TechWish is seeking a GCP Data Engineer with strong MLOps experience to build, scale, and operationalize data and ML pipelines on Google Cloud. The role involves partnering with Data Science, Product, and Platform teams to deliver reliable workflows for machine learning while ensuring operational excellence and model performance monitoring.
Responsibilities:
- Design, develop, and optimize scalable data pipelines and ML workflows on GCP with BigQuery and Spark
- Build robust ELT/ETL processes and data models supporting ML feature stores, training datasets, and production inference
- Orchestrate pipelines and jobs, enabling dependency management, retries, and observability (e.g., Airflow)
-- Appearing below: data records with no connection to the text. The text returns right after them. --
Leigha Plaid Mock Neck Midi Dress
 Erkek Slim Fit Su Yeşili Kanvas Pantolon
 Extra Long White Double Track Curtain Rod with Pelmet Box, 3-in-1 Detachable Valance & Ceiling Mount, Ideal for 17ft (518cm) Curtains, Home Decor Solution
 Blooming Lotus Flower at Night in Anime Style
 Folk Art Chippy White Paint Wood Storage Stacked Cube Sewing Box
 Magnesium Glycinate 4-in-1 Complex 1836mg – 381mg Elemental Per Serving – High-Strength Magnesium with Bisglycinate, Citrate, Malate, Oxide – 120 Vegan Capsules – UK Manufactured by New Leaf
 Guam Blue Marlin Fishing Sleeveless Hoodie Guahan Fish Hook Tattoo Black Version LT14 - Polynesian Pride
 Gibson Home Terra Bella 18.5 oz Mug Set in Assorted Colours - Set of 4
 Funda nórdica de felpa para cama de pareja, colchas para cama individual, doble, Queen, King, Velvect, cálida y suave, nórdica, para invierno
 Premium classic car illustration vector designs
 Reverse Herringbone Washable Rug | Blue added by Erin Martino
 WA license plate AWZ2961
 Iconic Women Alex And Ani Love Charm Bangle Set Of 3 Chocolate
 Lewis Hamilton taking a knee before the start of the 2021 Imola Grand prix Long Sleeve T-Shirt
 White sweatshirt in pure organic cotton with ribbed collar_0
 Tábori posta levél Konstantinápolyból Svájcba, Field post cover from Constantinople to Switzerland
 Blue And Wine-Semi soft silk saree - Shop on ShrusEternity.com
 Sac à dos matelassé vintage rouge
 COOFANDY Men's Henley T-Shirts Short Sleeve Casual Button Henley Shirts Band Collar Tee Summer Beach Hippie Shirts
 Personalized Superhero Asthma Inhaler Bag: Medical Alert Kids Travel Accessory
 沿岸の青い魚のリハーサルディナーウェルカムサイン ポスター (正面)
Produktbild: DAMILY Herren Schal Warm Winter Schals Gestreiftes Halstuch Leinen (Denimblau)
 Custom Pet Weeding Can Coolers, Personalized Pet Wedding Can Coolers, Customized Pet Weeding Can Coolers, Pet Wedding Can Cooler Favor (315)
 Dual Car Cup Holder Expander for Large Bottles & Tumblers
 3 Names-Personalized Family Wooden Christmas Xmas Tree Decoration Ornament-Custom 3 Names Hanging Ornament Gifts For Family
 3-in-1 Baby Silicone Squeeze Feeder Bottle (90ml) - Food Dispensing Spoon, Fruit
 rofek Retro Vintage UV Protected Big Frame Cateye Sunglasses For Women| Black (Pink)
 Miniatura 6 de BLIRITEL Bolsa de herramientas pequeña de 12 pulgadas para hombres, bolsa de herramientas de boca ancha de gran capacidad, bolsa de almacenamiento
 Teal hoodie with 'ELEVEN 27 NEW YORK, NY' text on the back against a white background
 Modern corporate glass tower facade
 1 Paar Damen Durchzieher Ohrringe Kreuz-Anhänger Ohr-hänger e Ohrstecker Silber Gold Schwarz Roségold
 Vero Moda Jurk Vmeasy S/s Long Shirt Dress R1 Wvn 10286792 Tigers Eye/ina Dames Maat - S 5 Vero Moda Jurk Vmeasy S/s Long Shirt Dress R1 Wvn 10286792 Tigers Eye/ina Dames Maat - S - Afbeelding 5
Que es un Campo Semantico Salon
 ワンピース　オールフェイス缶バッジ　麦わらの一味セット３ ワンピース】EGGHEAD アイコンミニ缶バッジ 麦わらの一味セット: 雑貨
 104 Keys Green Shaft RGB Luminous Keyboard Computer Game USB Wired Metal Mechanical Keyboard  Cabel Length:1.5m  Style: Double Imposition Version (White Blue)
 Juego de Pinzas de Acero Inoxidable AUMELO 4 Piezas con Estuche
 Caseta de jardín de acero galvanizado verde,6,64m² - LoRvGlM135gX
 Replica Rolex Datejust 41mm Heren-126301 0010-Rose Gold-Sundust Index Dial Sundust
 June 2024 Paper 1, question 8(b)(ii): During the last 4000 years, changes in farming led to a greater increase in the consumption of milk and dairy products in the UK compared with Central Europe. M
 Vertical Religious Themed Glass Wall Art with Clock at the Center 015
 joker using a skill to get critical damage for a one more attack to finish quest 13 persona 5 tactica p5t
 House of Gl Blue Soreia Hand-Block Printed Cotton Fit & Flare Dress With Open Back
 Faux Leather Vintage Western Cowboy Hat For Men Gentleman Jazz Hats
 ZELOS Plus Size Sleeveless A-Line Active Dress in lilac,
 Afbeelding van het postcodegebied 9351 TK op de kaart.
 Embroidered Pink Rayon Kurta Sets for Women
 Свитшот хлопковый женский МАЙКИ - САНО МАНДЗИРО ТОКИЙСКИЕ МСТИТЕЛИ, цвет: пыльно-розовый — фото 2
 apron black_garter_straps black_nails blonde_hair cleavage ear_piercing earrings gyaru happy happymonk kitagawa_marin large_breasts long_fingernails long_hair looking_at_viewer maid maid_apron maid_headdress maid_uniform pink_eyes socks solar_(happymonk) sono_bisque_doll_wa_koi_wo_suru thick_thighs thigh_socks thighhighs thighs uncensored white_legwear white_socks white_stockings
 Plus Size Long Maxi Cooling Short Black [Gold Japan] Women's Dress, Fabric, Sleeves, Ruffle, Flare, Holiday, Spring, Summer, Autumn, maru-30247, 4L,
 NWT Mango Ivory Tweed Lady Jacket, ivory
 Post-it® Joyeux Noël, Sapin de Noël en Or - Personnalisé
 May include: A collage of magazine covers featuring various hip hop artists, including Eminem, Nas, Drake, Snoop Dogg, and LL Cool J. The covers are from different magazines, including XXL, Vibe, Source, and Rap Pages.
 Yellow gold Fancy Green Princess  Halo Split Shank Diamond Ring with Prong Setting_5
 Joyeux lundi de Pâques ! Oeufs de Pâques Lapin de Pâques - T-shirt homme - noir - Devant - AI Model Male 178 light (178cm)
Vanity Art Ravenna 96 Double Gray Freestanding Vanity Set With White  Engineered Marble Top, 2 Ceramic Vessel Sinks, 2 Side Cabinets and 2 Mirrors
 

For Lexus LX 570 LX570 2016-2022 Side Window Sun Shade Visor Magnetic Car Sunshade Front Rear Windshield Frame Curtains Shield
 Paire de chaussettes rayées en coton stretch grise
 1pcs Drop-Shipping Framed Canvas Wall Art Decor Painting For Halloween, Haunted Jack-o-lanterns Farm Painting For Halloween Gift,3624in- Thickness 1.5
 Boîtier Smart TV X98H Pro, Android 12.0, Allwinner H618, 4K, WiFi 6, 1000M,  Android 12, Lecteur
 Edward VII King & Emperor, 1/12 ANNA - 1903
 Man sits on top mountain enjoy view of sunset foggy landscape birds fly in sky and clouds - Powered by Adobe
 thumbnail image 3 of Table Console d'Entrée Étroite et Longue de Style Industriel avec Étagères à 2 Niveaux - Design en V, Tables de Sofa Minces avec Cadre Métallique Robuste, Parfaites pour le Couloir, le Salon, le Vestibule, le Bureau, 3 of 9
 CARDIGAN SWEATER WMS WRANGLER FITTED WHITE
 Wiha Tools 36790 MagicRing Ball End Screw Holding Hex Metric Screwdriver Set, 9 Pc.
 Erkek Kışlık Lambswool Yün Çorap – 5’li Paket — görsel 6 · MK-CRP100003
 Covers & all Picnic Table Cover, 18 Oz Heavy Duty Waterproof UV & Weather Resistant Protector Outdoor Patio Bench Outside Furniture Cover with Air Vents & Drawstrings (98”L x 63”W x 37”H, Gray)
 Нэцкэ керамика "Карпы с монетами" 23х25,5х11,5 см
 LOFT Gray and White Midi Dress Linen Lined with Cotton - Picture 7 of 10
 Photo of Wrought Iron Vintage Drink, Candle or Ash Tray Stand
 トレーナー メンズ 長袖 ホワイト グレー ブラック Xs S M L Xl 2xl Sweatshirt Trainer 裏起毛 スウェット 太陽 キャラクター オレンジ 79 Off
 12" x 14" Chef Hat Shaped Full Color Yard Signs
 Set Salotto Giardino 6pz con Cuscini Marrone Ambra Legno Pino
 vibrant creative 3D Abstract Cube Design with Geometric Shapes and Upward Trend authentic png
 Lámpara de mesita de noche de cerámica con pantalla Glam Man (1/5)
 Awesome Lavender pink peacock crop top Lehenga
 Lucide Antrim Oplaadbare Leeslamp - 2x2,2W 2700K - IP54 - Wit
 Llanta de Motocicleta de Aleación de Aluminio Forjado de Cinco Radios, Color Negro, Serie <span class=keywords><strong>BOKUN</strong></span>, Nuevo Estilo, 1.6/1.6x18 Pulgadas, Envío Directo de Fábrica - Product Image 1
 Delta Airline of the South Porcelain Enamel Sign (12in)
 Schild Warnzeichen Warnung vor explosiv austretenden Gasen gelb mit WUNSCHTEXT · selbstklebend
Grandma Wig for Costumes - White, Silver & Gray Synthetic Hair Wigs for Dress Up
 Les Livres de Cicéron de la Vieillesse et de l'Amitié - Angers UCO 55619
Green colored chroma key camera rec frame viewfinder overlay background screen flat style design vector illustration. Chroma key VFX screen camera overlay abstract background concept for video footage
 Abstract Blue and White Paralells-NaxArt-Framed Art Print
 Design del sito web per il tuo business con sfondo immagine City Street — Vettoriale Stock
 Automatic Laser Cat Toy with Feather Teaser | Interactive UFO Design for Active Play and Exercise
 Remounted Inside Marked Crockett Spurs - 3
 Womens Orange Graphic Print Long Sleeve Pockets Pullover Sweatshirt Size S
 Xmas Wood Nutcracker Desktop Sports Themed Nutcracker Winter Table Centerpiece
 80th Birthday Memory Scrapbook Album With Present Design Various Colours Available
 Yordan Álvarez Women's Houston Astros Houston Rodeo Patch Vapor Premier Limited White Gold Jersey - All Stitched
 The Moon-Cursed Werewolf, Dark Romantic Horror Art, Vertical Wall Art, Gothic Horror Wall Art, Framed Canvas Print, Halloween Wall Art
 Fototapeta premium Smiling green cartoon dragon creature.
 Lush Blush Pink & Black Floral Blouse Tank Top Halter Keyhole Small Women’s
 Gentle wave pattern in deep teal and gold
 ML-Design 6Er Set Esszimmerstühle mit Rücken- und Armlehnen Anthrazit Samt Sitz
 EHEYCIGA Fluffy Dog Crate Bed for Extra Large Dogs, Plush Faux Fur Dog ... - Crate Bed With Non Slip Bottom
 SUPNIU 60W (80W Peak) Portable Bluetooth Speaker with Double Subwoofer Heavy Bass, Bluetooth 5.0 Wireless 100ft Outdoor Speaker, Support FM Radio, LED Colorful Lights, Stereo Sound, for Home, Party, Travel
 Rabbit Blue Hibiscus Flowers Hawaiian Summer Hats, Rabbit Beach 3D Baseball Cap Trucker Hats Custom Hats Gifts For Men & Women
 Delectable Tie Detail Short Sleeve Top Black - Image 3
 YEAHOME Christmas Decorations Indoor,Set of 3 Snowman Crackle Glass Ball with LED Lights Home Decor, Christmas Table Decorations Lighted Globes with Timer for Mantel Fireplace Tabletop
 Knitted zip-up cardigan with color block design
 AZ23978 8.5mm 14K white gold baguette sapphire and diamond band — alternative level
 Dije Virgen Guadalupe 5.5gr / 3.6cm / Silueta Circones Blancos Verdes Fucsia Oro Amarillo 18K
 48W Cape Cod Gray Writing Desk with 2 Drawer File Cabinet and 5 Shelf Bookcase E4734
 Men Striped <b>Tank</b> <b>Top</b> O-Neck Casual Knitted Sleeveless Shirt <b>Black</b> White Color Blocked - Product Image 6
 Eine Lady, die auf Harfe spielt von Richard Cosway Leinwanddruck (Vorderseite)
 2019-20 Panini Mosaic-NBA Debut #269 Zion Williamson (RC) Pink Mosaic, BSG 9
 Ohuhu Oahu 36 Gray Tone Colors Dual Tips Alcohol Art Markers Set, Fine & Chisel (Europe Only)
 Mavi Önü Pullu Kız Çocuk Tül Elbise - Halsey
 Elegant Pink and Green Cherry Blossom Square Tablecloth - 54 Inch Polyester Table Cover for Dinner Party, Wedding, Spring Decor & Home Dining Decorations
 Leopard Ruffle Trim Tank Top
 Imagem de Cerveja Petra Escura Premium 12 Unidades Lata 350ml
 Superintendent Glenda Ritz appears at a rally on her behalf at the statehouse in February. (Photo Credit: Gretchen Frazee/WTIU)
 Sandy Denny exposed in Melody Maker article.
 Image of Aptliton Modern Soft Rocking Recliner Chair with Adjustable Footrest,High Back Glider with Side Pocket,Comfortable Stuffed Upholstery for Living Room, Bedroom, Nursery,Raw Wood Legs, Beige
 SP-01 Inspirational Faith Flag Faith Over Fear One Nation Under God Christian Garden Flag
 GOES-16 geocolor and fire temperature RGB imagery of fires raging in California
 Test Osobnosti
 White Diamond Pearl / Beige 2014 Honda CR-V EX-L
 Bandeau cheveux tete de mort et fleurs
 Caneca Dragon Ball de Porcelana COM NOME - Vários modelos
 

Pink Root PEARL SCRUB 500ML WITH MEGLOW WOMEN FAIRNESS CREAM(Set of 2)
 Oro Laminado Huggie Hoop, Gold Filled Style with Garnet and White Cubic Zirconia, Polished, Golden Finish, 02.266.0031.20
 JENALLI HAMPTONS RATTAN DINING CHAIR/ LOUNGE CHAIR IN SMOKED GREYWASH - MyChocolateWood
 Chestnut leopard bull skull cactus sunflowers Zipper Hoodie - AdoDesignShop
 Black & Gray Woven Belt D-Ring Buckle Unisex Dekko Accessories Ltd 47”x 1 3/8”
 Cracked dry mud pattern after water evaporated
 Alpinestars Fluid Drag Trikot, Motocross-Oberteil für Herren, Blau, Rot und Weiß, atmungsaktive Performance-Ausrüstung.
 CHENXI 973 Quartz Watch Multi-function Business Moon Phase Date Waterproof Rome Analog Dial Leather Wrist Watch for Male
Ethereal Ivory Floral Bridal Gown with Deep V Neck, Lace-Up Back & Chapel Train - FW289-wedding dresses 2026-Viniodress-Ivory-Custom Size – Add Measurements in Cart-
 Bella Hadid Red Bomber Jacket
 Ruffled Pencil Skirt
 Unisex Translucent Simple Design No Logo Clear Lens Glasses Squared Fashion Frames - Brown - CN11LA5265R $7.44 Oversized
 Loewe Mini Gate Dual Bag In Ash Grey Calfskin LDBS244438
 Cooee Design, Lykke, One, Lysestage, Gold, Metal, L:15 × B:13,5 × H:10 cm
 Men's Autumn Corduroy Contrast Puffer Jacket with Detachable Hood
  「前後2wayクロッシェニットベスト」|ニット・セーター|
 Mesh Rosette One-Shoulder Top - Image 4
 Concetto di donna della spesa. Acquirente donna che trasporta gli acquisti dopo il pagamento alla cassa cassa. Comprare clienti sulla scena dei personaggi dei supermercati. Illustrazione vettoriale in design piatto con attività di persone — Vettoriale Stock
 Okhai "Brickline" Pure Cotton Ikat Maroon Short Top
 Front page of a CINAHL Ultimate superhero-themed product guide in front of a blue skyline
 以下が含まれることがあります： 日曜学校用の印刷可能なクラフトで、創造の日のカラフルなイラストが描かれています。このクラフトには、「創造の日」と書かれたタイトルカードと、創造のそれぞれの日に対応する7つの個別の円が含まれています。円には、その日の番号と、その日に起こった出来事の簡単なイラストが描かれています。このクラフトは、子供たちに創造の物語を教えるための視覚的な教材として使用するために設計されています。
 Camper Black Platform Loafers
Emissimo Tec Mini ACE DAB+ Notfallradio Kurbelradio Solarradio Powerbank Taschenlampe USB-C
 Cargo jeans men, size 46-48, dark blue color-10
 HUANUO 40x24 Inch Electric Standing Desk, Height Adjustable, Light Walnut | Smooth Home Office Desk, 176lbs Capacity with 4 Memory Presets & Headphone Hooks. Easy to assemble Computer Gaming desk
- Implement CI/CD and automation for data/ML pipelines, including packaging, versioning, and environment promotion
- Develop event-driven and micro-batch processes for real-time ML inference (e.g., via Cloud Functions) and low-latency data preparation
- Establish model performance monitoring, drift detection, data quality checks, and alerting dashboards
- Collaborate closely with Data Scientists to productionize models and establish reproducible training/inference workflows
- Enforce best practices for code quality, testing, documentation, and cost/performance optimization on GCP
- Troubleshoot production issues, drive root-cause analysis, and implement durable fixes and postmortems
Requirements:
- Hands-on experience with Google Cloud (BigQuery) in production environments
- Strong Spark expertise (data processing, optimization, and job orchestration)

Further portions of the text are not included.